Your instructions: Copy only what lies from the line containing "En Venta: $250,000" through the line containing "Shtepi me qera" in the entries below, keeping both end lines exact and dropping every picture.

Source data:
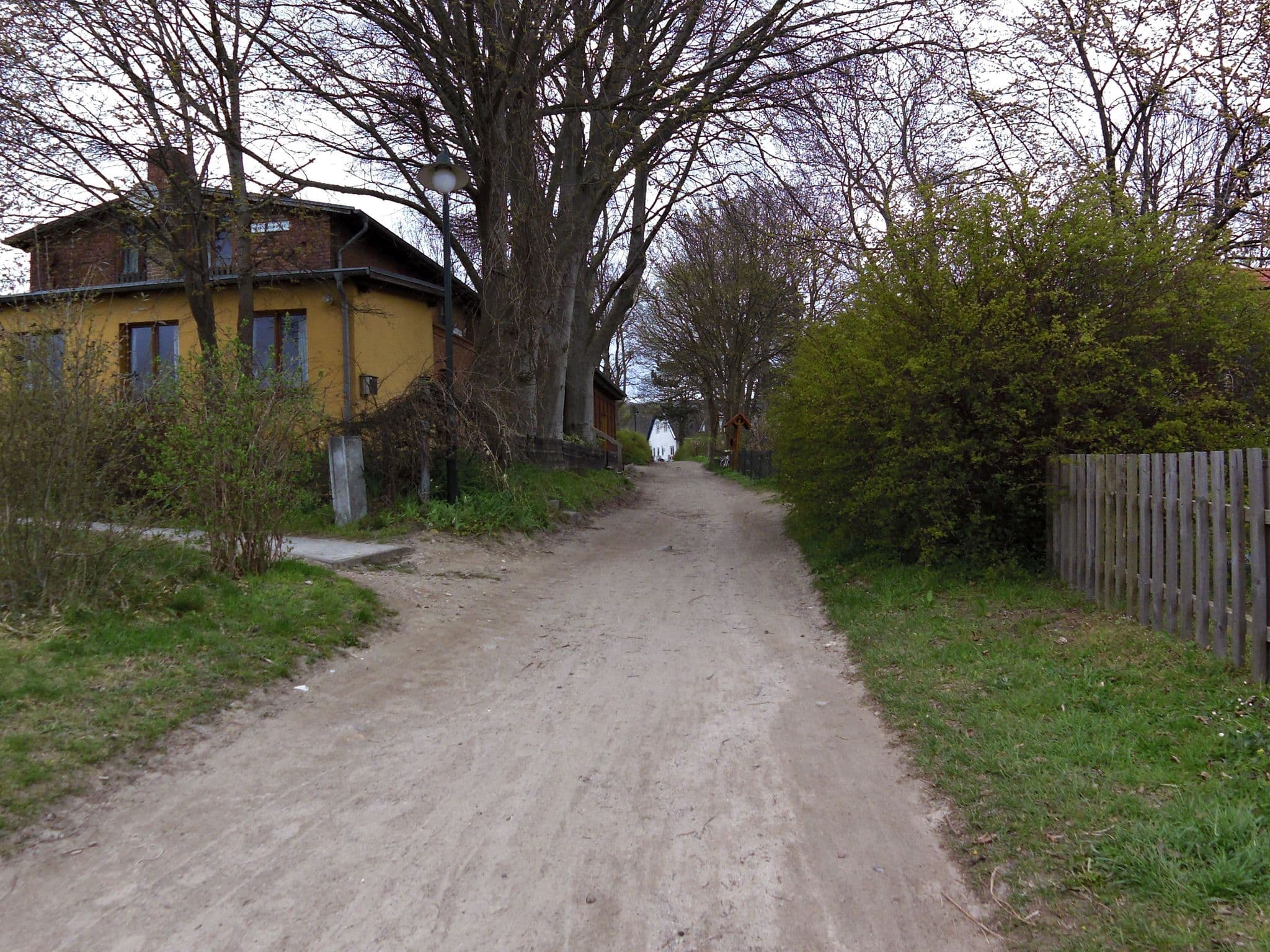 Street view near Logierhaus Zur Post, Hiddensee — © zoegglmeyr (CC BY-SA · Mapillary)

...

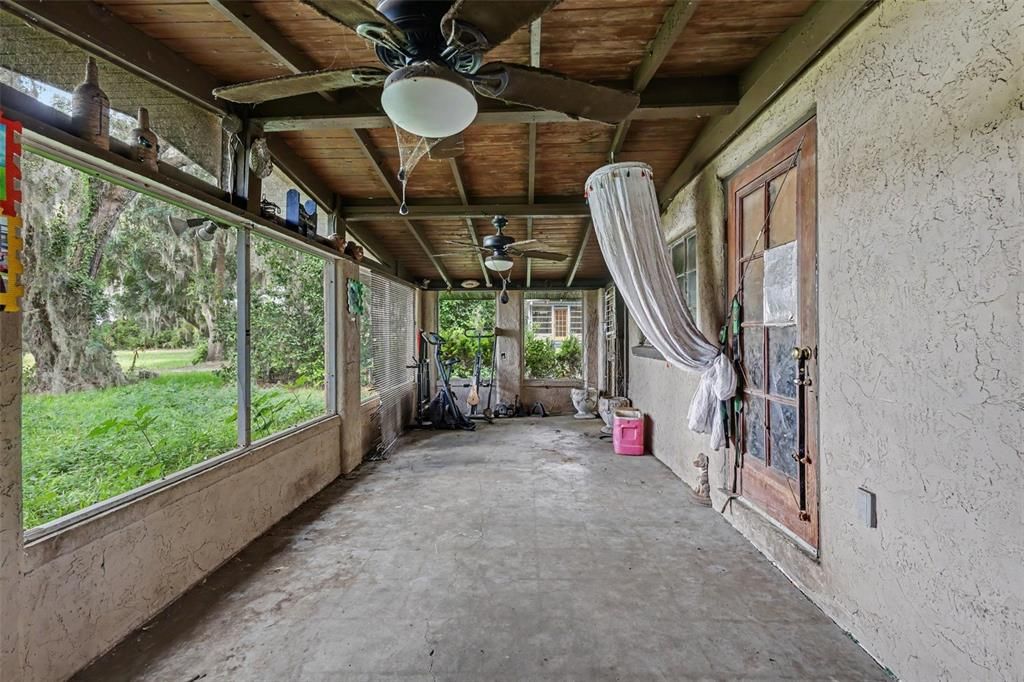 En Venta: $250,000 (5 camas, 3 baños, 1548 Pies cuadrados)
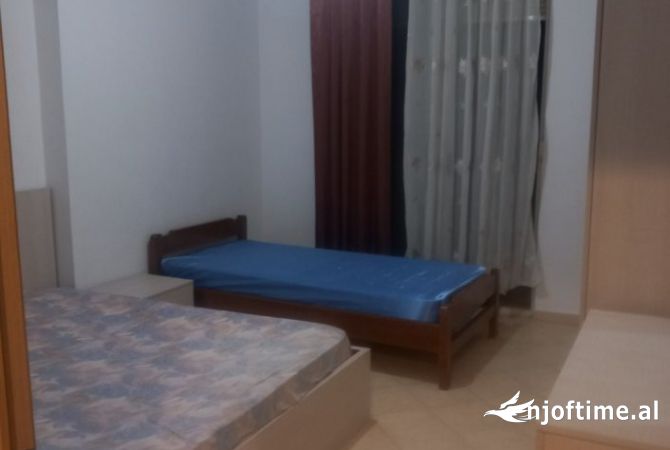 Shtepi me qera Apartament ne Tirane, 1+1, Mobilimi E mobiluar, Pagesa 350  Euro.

The completed task:
 En Venta: $250,000 (5 camas, 3 baños, 1548 Pies cuadrados)
 Shtepi me qera Apartament ne Tirane, 1+1, Mobilimi E mobiluar, Pagesa 350  Euro.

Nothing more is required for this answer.